SpeechRequest 1.0

Editor:
Olli Pettay <Olli@pettay.fi>

Abstract

....

Status of this Document

This document is an editors' copy that has no official standing.

Editor's Draft

Table of Contents

1 SpeechRequest
    1.1 Example 1, simple field level grammar + recognition handling
    1.2 Example 2, page level grammar + field level grammar
2 Text to speech
3 Requirements


1 SpeechRequest

        interface RecognitionResult
        {
          readonly attribute DOMString utterance;
          readonly attribute float confidence;
          readonly attribute any interpretation; // semantic interpretation
          readonly attribute DOMDocument fullResult; // EMMA document
        }

        interface RecognitionEvent : Event
        {
          readonly attribute RecognitionResult[] results;
        }

        // grammar is either an URL to SRGS or special case grammar:<grammar_hint>,
        // for example grammar:search, grammar:dictation, or null.
        //
        // Recognizer may use the language of aBoundElement as a hint.
        //
        // Note, recognizerURI and recognizerParams are for V2, in which case the
        // protocol between browser and external recognizer should be defined.
        //
        // Constructor throws an exception if some paramaters are invalid or not understood by the browser.
        [Constructor(in optional DOMNode aBoundElement, 
                     in optional DOMString grammar,
                     in optional DOMString recognizerURI,
                     in optional DOMString recognizerParams)]
        interface SpeechRequest : EventTarget
        {
          // Calling activate may bring up UI so that user can allow or deny
          // speech recognition.
          void activate(in optional boolean allowMultiRecognition = false);
          void deactivate();
        
          // Starts the recognition.

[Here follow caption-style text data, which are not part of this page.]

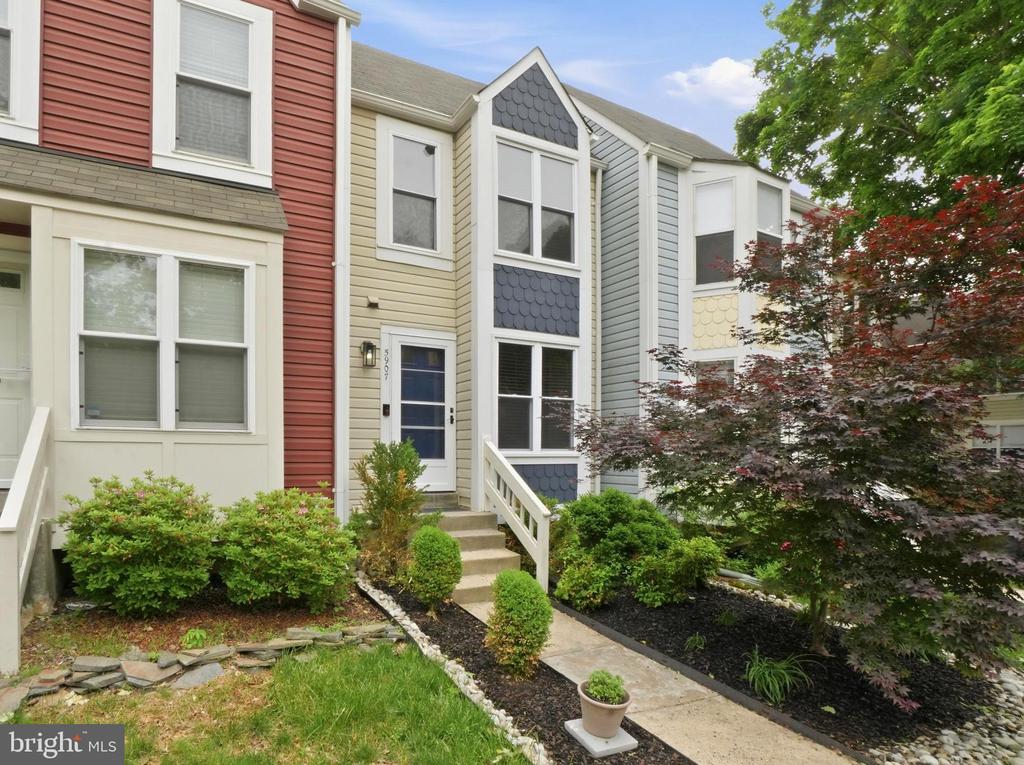 Beige townhome with a blue-gray decorative gable, front steps, and landscaped shrubs.
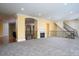 Large bonus room with fireplace and views overlooking the lower level at 2708 Chilton Pl, Charlotte, NC 28207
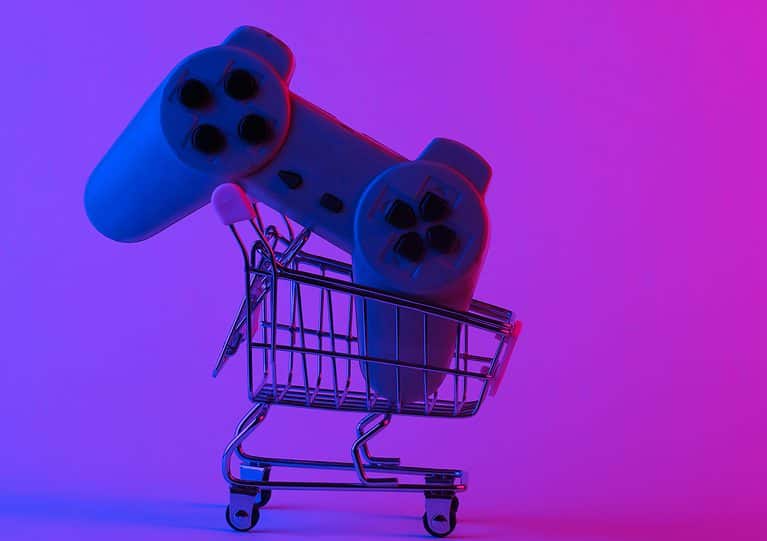 Shoping trolley with retro gamepad in trendy neon light. Gradient pink-blue glow. Concept art. Retro 80s. Minimalism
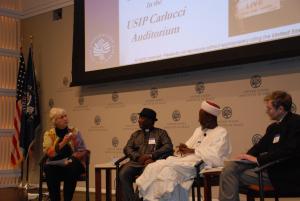 USIP: Maureen Fiedler moderating launch at USIP with Imam Ashafa and Pastor Wuye and Film Director Dr Alan Channer (Photo: Kathy Aquilina)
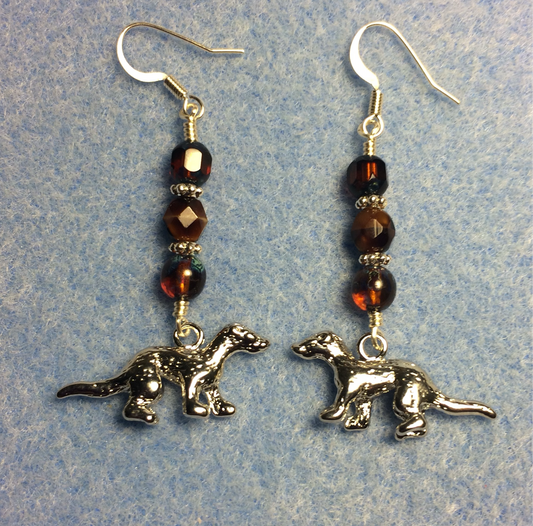 Silver otter charm earrings adorned with brown Czech glass beads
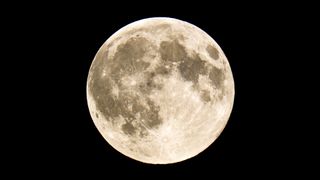 full moon names have a lot of significance here a large fully illuminated moon with large craters against a black background.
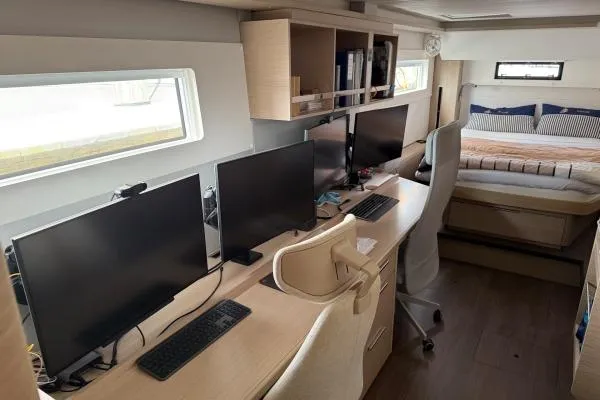 Slide: The Image of Modern office setup inside 2023 Lagoon 46 yacht with multiple monitors and workspace. - 3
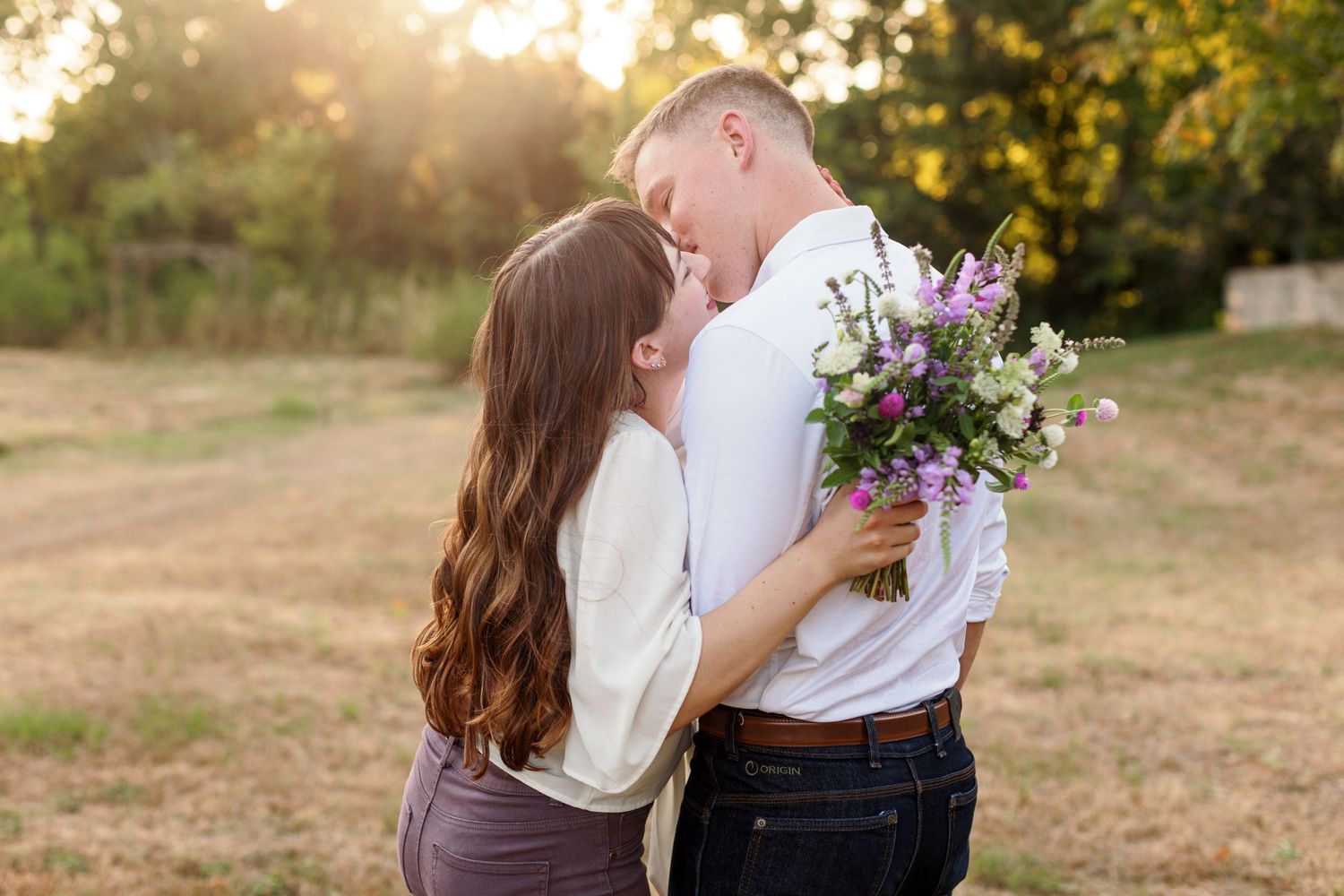 Engaged couple laughs as they are about to kiss for a portrait by Emily Joy Photography, now a wedding photographer in Memphis, TN.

All the active request are started.
          // Calling start() does implicitly call activate(allowMultiRecognition)
          // Returns true if calling start() did succeed. It may fail if browser
          // doesn't allow starting recognition.
          boolean start(in optional boolean allowMultiRecognition = false);

           // Stops the recognition. All the active requests are stopped.
          void stop(in option keepActive = false);

          attribute EventListener onstart; // Recognition started
          // Recognition stopped either by using stop() or user stopping interacting with the web page.
          attribute EventListener onstop;

          attribute EventListener onabort; // User aborts the recognition
        
          attribute EventListener onerror;  // An error which fires if the request is somehow invalid.
                                            // This could happen if loading the grammar doesn't work.
        
          attribute EventListener ondeactivated; // Some other request overrides this one
          attribute EventListener onactivated; // The overriding request is deactivated.

          attribute EventListener onpermissiondenied;
          attribute EventListener onpermissionaccepted;

          attribute EventListener onspeechstart;
          attribute EventListener onspeechstop;
          attribute EventListener onrecognition;

          attribute EventListener onnomatch;
          attribute EventListener onnospeech;
        }
    

By default only one request is activate at a time. If another is activated while some other is active, deactivated event is dispatched. When the other one is deactivated, the first one is activated again (unless deactivate was explicitly called) However, if true is passed to activate() method, then the old active request will stay active and it is up to the webapp to handle possible several speech recognitions.

Especially if a non-same-origin iframe tries to activate speech request, UA should show some doorhanger or similar to user and user should give page permission to start recognition. UA may use bound element as a hint to where to show the doorhanger. If aBoundElement is not given, root element or document should be used. Implementation needs to be careful when handling SpeechRequest from hidden iframes.

Speech recognition is activated for example using a button in the browser chrome or when user actively interacts with the web page by clicking mouse or pressing a key on keyboard.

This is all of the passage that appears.